▶ [Recorded data]
◇ ◇ ◇

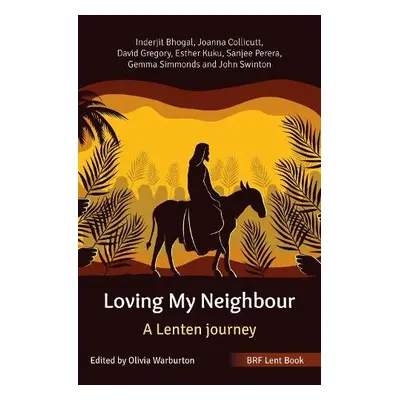 BRF Lent Book: Loving My Neighbour - Bhogal, Inderjit a Collicutt, Joanna a Gregory, David a Kuk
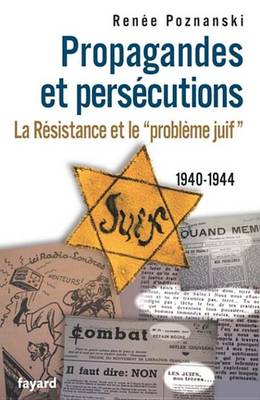 Book cover for Propagandes Et Persecutions. La Resistance Et Le Probleme Juif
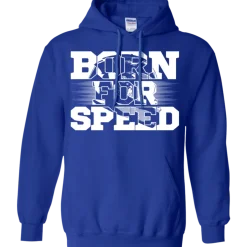 Born For Speed Hoodie^CustomCat Online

◇ ◇ ◇

▶ [What to do] Write out, with no pictures, only the lines from the line containing "Book cover for" through the last line of the listing above, exactly and with both ends included.

▶ [Answer space]
 Book cover for Propagandes Et Persecutions. La Resistance Et Le Probleme Juif
 Born For Speed Hoodie^CustomCat Online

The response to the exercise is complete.